23. A method according to claim 21, wherein said analysis steps
comprise respectively a step of achieving voice samples models as a
summation of an harmonic signal and noise, each achieving step
comprising: a substep of estimating the pitch of the voice samples,
a substep of synchronized analysis of the pitch of each frame, and
a substep of estimating spectral envelope parameters of each
frame.
24. A method according to claim 21, wherein said step of
determining a model determines a Gaussian probability density
mixture model.
25. A method according to claim 24, wherein said step of
determining a model comprises: a substep of determining a model
corresponding to a mixture of Gaussian probability densities, and a
substep of estimating parameters of the mixture of Gaussian
probability densities from an estimated maximum likelihood between
the acoustic characteristics of the source and target speaker
samples and the model.
26. A method according to claim 21, wherein said step of
determining at least one transformation function further includes a
step of normalizing the pitch of the frames of source and target
speaker samples relative to average values of the pitch of the
analyzed source and target speaker samples.
27. A method according to claim 21, including a step of temporally
aligning the acoustic characteristics of the source speaker with
the acoustic characteristics of the target speaker, this step being
executed before said step of determining a conjoint model.
28. A method according to claim 20, including a step of separating
voiced frames and non-voiced frames in the source speaker and
target speaker voice samples, said step of determining a conjoint
transformation function of the characteristics relating to the
spectral envelope and to the pitch being based only on said voiced
frames and the method including a step of determining a function
for transformation of only the spectral envelope characteristics on
the basis only of said non-voiced frames.
29. A method according to claim 20, wherein said step of
determining at least one transformation function comprises only
said step of determining a conjoint transformation function.

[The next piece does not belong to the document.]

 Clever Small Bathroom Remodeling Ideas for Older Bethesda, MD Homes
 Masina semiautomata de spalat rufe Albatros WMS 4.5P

30. A method according to claim 20, wherein said step of
determining a conjoint transformation function is achieved on the
basis of an estimate of the acoustic characteristics of the target
speaker, the achievement of the acoustic characteristics of the
source speaker being known.
31. A method according to claim 30, wherein said estimate is the
conditional expectation of the acoustic characteristics of the
target speaker the achievement of the acoustic characteristics of
the source speaker being known.
32. A method according to claim 20, wherein said step of
transforming acoustic characteristics of the voice signal to be
converted includes: a step of analyzing said voice signal, grouped
into frames, to obtain for each frame information relating to the
spectral envelope and to the pitch, a step of formatting the
acoustic information relating to the spectral envelope and to the
pitch of the voice signal to be converted, and a step of
transforming the formatted acoustic information of the voice signal
to be converted using said conjoint transformation function.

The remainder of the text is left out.